## [WHAT TO WORK ON]
Carry none of the pictures over; write out the complete data exactly.
**** DATA SEGMENT
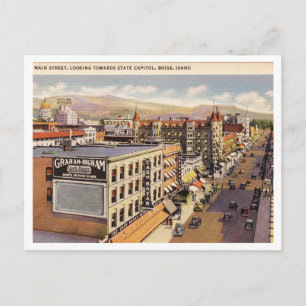 Main Street Boise Idaho 1940s Vintage Style Postcard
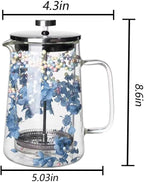 Glass French Press Coffee Maker 34oz - Embedded Dried Flower Borosilicate Coffee Press, No Plastic, Stainless Steel Filter for Tea, Cute Decorative Gift - Image 2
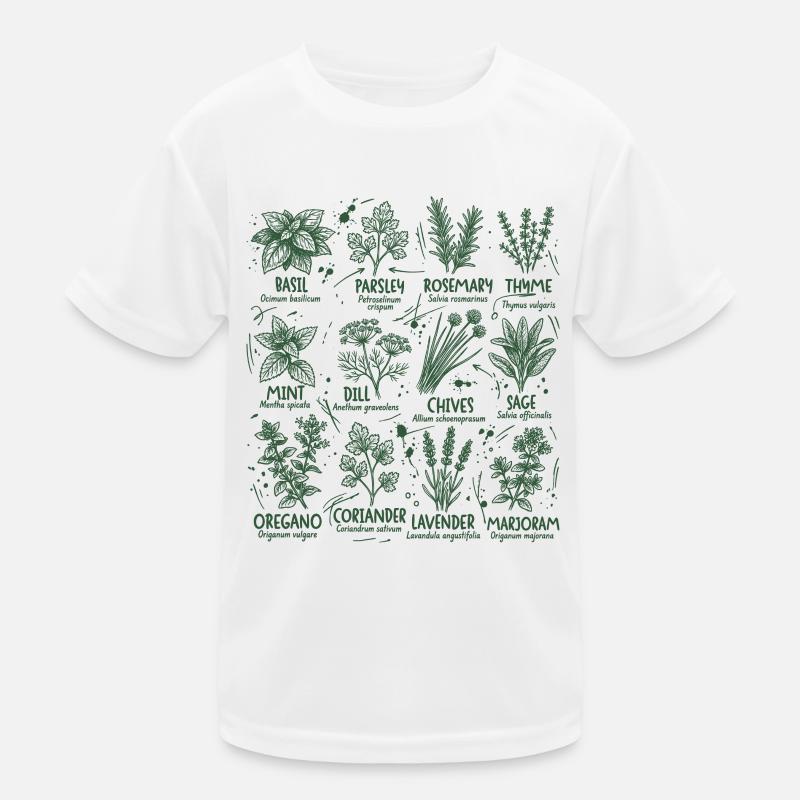 Herbs Botany Kitchen Basil Rosemary Kids Functional T-Shirt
********
## [ANSWER TO THE EXERCISE]
 Main Street Boise Idaho 1940s Vintage Style Postcard
 Glass French Press Coffee Maker 34oz - Embedded Dried Flower Borosilicate Coffee Press, No Plastic, Stainless Steel Filter for Tea, Cute Decorative Gift - Image 2
 Herbs Botany Kitchen Basil Rosemary Kids Functional T-Shirt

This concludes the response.